## [Prompt]
Among the records that follow, find the line with "Irene Paredes credits" and the line with "Damen Helly Hansen". Set down those lines and all lines between them exactly, without adding anything.

## [The data]
***

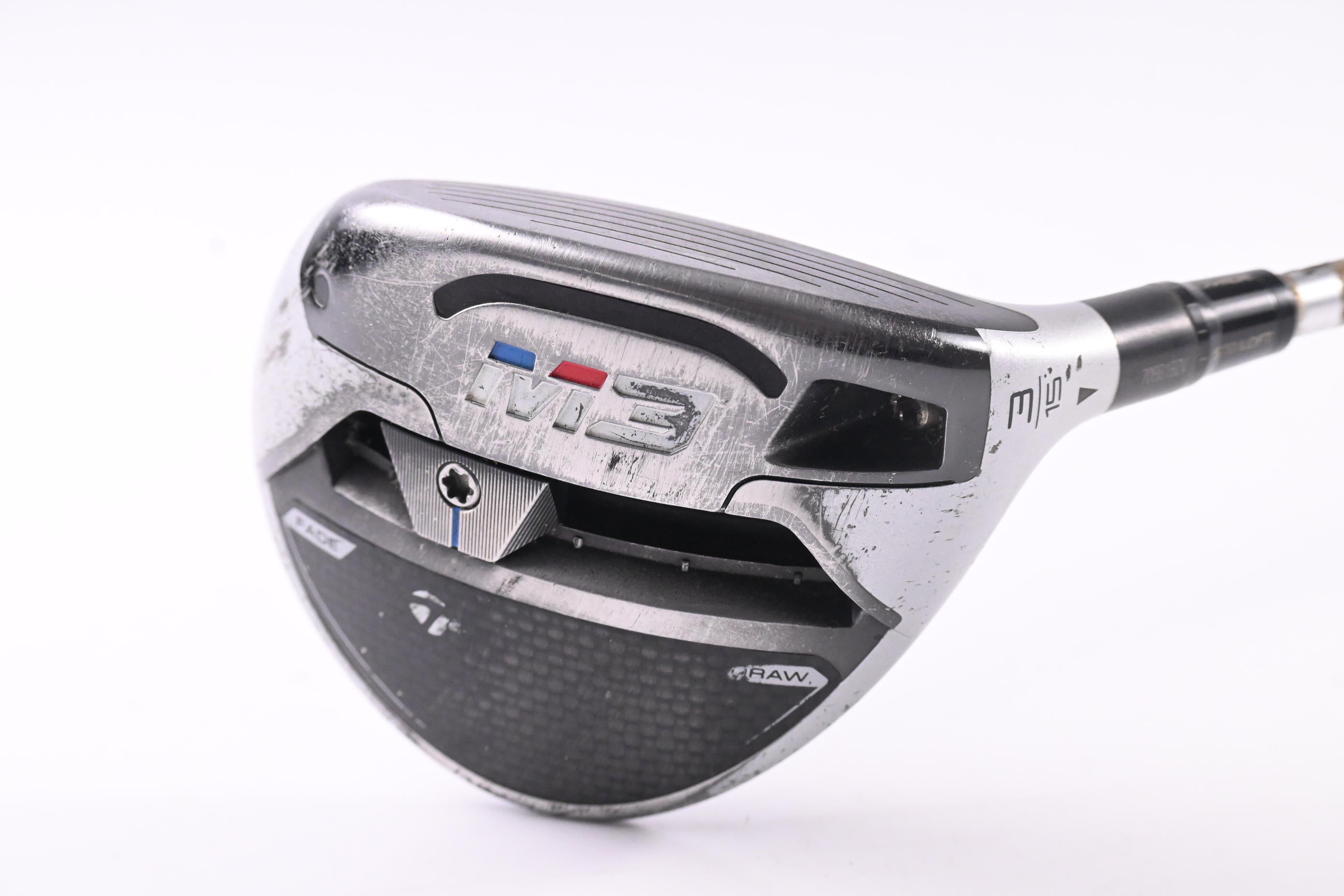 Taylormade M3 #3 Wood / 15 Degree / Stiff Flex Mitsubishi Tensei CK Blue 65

***

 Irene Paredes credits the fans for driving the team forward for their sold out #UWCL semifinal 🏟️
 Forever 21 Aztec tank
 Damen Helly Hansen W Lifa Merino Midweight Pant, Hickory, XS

***

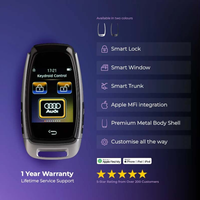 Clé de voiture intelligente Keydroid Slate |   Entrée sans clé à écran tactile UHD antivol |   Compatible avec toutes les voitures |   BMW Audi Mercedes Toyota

***

## [Written answer]
 Irene Paredes credits the fans for driving the team forward for their sold out #UWCL semifinal 🏟️
 Forever 21 Aztec tank
 Damen Helly Hansen W Lifa Merino Midweight Pant, Hickory, XS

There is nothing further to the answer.